• Jelajahi

    Best Viral Premium Blogger Templates

    CMC

    < script type = "text/javascript" src = "https://files.coinmarketcap.com/static/widget/coinMarquee.js" > < div id = "coinmarketcap-widget-marquee" coins = "1,1027,825" currency = " USD" theme = "light" transparent = " false" show - symbol -logo = "true" >

    terkini

    Iklan

    US State Street Bank Bergabung Dengan Ruang Aset Digital Dengan Divisi Cryptocurrency Baru

    6/11/21, 22:51 WIB Last Updated 2026-01-24T10:52:08Z

    Sumber gambar: Shutterstock

    Bank US State Street telah  mengungkapkan  bahwa mereka memasuki ruang keuangan digital dengan meluncurkan divisi baru yang berfokus pada cryptocurrency, teknologi blockchain, mata uang digital bank sentral , dan tokenisasi.

    Unit baru yang disebut 'State Street Digital' akan dipimpin oleh Nadine Chakar, kepala pasar global di State Street, yang melapor kepada chief operating officer Lou Maiuri.

     “Kami melihat aset digital sebagai salah satu kekuatan paling signifikan yang memengaruhi industri kami selama lima tahun ke depan. Aset digital dengan cepat diintegrasikan ke dalam kerangka layanan keuangan yang ada,” kata ketua dan CEO perusahaan Ron O'Hanley pada hari Kamis, 10 Juni dan menambahkan bahwa bank sedang mempersiapkan diri untuk melayani pelanggan saat selera mereka meningkat.
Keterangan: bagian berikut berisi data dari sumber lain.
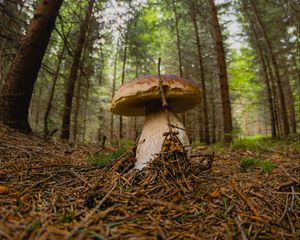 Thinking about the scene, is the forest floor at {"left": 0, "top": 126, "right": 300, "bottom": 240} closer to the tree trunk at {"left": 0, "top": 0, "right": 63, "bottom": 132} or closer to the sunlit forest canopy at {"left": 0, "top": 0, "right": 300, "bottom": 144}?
the tree trunk at {"left": 0, "top": 0, "right": 63, "bottom": 132}

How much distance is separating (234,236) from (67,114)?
5.62 m

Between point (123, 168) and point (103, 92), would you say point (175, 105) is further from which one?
A: point (103, 92)

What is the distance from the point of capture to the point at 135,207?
1253mm

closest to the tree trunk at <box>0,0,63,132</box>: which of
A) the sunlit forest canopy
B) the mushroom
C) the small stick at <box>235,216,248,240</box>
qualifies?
the sunlit forest canopy

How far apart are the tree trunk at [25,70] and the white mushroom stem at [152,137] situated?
7.24 ft

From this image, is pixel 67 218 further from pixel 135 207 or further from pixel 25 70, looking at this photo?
pixel 25 70

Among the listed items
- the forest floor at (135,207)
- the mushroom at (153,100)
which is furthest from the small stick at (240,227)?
the mushroom at (153,100)

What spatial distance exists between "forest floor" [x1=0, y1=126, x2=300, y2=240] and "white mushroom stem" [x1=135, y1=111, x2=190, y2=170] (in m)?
0.15

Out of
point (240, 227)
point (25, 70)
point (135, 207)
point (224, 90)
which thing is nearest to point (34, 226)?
point (135, 207)

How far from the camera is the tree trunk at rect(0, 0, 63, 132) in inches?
122

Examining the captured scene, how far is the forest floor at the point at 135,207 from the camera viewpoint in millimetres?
991

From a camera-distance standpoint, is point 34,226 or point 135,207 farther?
point 135,207

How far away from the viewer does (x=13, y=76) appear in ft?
10.3

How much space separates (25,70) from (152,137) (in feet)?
8.21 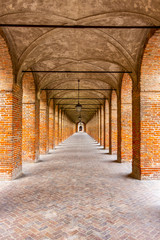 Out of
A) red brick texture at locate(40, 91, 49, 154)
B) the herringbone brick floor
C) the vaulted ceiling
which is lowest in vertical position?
the herringbone brick floor

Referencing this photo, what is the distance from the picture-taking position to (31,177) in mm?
6516

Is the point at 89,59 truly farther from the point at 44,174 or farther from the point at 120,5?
the point at 44,174

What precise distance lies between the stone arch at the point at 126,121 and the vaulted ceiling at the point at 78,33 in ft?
1.97

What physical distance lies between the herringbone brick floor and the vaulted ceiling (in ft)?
13.6

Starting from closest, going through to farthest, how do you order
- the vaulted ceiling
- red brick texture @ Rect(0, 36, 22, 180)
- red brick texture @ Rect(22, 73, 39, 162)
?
the vaulted ceiling, red brick texture @ Rect(0, 36, 22, 180), red brick texture @ Rect(22, 73, 39, 162)

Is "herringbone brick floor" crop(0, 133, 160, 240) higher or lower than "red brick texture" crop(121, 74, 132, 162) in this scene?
lower

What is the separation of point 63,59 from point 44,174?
213 inches

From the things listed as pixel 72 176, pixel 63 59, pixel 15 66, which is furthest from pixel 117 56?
pixel 72 176

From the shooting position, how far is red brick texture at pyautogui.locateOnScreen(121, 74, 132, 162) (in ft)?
29.9

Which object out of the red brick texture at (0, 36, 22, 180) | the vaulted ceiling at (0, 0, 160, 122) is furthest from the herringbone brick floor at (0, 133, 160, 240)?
the vaulted ceiling at (0, 0, 160, 122)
    Bank yang berbasis di Boston menyatakan bahwa mereka memperluas jangkauan digitalnya untuk memasukkan tokenisasi, blockchain, CBDC, dan aset kripto dan akan meningkatkan platform GlobalLink yang ada menjadi sistem perdagangan digital multi-aset.

    State Street mengatakan bahwa tujuannya adalah untuk berkembang menjadi platform multi-aset yang akan mendukung cryptocurrency dan kelas aset lainnya dan mendukung ambisi peer-to-peer dengan menciptakan tempat likuiditas baru untuk investor dan pelanggannya di seluruh dunia.
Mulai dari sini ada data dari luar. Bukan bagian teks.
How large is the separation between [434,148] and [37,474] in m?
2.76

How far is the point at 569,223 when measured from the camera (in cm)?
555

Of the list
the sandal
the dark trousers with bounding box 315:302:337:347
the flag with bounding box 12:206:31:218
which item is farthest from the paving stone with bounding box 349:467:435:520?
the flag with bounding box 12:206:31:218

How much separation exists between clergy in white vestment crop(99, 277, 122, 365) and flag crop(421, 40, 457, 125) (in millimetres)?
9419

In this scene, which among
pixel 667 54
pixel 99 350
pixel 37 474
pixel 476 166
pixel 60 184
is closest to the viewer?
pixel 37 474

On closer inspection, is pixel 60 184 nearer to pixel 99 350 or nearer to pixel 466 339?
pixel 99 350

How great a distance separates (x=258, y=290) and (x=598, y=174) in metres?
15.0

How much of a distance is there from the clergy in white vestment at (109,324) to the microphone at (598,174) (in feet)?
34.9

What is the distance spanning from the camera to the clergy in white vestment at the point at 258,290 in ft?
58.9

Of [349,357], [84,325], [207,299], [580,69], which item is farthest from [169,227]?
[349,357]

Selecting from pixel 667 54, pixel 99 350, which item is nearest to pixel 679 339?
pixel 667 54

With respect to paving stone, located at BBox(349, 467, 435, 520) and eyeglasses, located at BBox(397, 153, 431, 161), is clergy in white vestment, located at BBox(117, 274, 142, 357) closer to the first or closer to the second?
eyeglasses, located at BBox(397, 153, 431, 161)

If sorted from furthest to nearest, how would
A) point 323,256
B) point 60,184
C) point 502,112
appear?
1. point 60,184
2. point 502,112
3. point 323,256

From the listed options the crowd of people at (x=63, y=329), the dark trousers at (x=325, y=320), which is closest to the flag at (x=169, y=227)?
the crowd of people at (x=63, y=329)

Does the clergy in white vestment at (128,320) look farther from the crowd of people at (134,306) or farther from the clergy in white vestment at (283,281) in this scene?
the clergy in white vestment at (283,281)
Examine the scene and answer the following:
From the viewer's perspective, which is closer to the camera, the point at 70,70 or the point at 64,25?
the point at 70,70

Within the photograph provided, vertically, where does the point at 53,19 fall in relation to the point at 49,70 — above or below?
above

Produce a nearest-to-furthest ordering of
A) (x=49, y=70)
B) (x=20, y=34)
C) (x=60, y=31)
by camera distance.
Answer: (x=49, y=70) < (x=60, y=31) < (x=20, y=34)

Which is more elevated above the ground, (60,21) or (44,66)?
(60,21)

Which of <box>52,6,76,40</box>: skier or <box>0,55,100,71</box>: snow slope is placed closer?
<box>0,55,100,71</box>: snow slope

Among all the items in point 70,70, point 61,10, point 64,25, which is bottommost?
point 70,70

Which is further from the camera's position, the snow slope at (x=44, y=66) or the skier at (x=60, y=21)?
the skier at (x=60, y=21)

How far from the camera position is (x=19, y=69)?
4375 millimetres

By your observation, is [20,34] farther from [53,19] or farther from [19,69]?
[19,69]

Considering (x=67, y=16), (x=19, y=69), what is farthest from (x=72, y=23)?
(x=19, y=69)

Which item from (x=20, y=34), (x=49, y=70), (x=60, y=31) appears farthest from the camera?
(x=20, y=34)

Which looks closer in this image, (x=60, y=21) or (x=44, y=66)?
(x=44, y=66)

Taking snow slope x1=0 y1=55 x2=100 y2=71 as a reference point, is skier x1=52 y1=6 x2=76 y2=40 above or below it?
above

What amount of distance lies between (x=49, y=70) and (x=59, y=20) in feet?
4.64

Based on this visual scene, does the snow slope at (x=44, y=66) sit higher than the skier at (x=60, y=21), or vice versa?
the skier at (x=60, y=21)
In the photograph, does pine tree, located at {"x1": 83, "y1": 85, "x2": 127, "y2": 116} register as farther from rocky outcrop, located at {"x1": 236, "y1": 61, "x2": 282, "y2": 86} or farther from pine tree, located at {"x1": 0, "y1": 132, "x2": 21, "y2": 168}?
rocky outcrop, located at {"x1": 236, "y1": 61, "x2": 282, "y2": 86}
    Pada bulan April, State Street sedang mengerjakan platform perdagangan baru untuk aset digital yang dijadwalkan mulai beroperasi pada pertengahan tahun melalui kolaborasi antara penyedia teknologi perdagangan Currenex bank dan Pure Digital yang berbasis di London. Pasar mata uang digital antar bank ini bertujuan untuk menjadi perdagangan masuk ke kripto untuk institusi.

    Selama waktu itu, pejabat State Street menolak berkomentar apakah bank akan menggunakan platform untuk perdagangan cryptocurrency. Tetapi sekarang jelas bahwa bank berencana untuk menggunakan platform untuk meluncurkan divisi cryptocurrency.

    State Street bank memiliki $40,3 triliun aset yang dikelola dan $3,6 triliun aset yang dikelola. Bank tersebut adalah yang kedua dari lima kustodian global utama yang telah mengumumkan niat untuk menciptakan layanan perdagangan untuk aset digital. Tahun ini, BNY Mellon juga mengumumkan rencana untuk mulai menyediakan layanan cryptocurrency kepada kliennya.

    Seruan untuk Pengawasan yang Lebih Kuat untuk Crypto

    Meskipun meningkatnya minat investor institusional terhadap Bitcoin telah memicu kenaikan baru-baru ini, cryptocurrency memiliki banyak risiko, dan para skeptis masih waspada untuk mulai berinvestasi di dalamnya. Di antara mereka, aset kripto dan perusahaan yang menawarkan layanan semacam itu sebagian besar tidak diatur.

    Bulan lalu, Jerome Powell, Ketua Federal Reserve AS, ternyata muncul panas pada aset kripto, yang menyatakan bahwa mereka menimbulkan risiko terhadap stabilitas keuangan dan mengisyaratkan bahwa regulasi yang lebih besar dari meningkatnya popularitas cryptocurrencies mungkin dibenarkan.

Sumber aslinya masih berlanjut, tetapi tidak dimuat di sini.